I know that some people have succumbed to the trend of having bucket lists. It’s the older person’s equivalent of a Tik Tok challenge. Instead of consuming goods of indeterminate purity, jumping off railroad trestles, or other idiocies, older adults wisely create lists of books, places, and wines they wish to experience before being called to the great beyond.
I was recently asked if I had one. I flippantly stated that I had. But my wife wouldn’t allow me to date any of them. My wife gave me a severe “look,” and I hurried to explain that I was only kidding. I then explained that I had made most of my bucket list when I was younger and now wished for a more sedate life.
I wasn’t kidding. Aspects of my younger life had been wild enough that I look with pity on those only now as sexto and septuagenarians planning to live it up. Go dancing in the moonlight on tropical sands? Damn! Waking in the morning with a hangover and sand fleas is hardly worthwhile. Camping your way across the country while staying at luxurious campgrounds each night is called glamping. She-it! Try hitching with a bedroll, guitar, and a crazy gray cat.
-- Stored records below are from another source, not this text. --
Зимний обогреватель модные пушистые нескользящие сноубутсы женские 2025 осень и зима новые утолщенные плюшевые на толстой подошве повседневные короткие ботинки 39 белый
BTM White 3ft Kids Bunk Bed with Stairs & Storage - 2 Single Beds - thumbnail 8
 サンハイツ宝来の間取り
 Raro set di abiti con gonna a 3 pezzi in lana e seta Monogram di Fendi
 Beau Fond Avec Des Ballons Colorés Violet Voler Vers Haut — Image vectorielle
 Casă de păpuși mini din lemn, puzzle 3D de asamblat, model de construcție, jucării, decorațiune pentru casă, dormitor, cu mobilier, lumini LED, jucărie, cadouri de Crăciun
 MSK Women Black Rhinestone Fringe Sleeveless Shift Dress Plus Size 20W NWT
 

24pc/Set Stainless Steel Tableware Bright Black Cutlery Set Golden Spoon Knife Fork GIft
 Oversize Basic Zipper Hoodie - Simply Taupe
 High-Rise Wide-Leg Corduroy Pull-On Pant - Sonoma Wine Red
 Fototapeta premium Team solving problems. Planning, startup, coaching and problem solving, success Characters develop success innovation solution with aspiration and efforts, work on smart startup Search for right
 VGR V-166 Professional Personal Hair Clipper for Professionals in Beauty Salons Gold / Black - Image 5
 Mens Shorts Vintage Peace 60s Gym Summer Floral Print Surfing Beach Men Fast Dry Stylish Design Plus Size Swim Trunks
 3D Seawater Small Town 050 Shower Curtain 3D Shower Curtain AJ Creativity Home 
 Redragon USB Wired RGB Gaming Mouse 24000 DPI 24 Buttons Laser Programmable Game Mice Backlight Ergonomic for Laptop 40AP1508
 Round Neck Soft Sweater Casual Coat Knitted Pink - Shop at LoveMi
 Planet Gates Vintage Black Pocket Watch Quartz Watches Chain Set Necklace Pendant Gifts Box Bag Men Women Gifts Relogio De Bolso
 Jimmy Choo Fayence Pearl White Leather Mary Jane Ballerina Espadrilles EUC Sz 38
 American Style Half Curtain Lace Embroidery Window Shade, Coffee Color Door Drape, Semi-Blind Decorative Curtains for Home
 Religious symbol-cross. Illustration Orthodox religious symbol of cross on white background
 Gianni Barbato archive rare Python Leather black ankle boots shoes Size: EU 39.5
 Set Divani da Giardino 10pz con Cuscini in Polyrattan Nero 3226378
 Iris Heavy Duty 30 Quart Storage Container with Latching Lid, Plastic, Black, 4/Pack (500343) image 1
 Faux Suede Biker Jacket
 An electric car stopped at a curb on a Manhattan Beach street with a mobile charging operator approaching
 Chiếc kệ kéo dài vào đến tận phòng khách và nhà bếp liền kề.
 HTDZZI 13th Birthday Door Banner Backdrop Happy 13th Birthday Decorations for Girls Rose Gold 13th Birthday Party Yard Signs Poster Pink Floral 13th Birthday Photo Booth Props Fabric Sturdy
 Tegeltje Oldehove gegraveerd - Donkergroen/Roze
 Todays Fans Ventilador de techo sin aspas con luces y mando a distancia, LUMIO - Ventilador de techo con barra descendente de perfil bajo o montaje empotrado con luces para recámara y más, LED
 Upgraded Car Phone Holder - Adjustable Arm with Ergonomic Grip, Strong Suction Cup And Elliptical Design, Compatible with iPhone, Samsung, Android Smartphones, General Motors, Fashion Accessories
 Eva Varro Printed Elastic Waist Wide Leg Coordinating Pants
I’ve been told by a few merchant mariner friends that the old Blue Anchor bar got closed—too many bar fights. Most of them prefer these days to settle into an Applebees. Like me, they view with dismay the idiotic trend of oldsters trying to relive a youth they never got around to misspending. Now a nice wind jammer cruise with someone else hauling the lines and picking up the mooring, no heavy weather, and a nice haddock filet afterward. That’s the ticket.
After the bucket list crowd leaves, we’ll talk about that night in the Bucket of Blood when we were twenty-two. We don’t want the late arrivals to feel too bad about what they missed, do we?
You hitched with Clancy?
There were times that it was unavoidable. Coming back from Canada we stopped to have dinner at a bar. The owner insisted that he be let out of the carrier, and had him in the kitchen mousing all evening. We ate ( roast beef, rare and thin with hots for him), and I drank, for free. He paraded up and down the bar making buddies with the customers. I got enough contributions that we stayed in a motel that night, and hitched on to Boston the next day.
Oh my goodness, he sounds like the most amazing cat ever!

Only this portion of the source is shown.